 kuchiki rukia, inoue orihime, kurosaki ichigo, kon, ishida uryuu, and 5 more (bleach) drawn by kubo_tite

---

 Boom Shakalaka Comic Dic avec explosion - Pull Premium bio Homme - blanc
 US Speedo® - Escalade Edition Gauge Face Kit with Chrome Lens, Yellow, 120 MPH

INSTRUCTIONS TO FOLLOW: Look back at the data above. Transcribe exactly the lines starting at the line that contains "Boom Shakalaka Comic" and ending at the line that contains "US Speedo® - Escalade".

ANSWER SECTION:
 Boom Shakalaka Comic Dic avec explosion - Pull Premium bio Homme - blanc
 US Speedo® - Escalade Edition Gauge Face Kit with Chrome Lens, Yellow, 120 MPH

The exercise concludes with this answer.